Recorded information:
··········
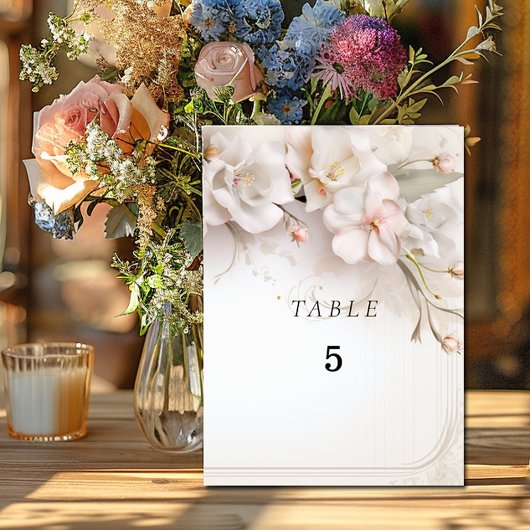 Numéro De Table Belles fleurs aquarelles roses et blanches 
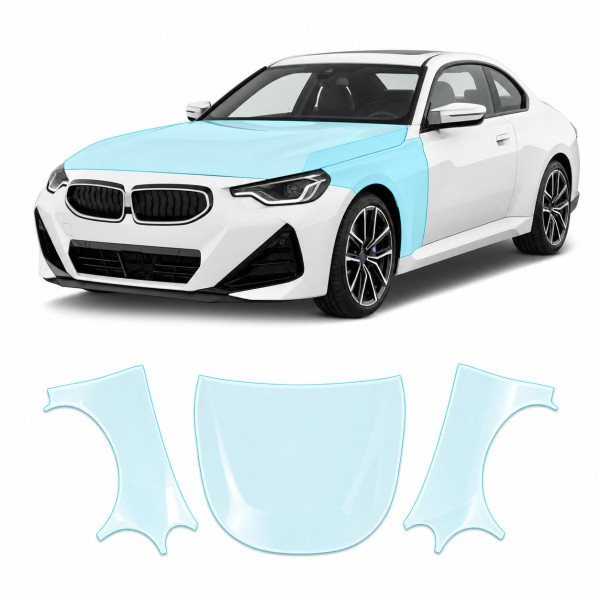 Антигравийная защитная бронепленка по лекалам для BMW 2 Series G42 2021- капот и передние крылья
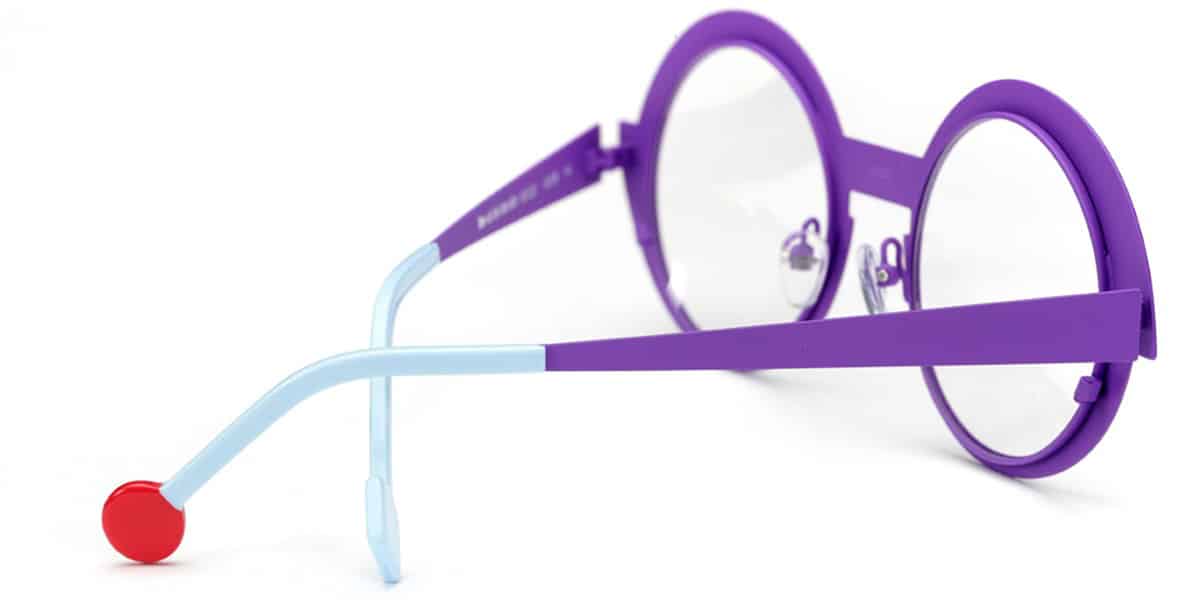Modern purple glasses will add an accent to your style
··········
Images are not wanted in the copy. Please print the material above exactly.

 Numéro De Table Belles fleurs aquarelles roses et blanches 
 Антигравийная защитная бронепленка по лекалам для BMW 2 Series G42 2021- капот и передние крылья
Modern purple glasses will add an accent to your style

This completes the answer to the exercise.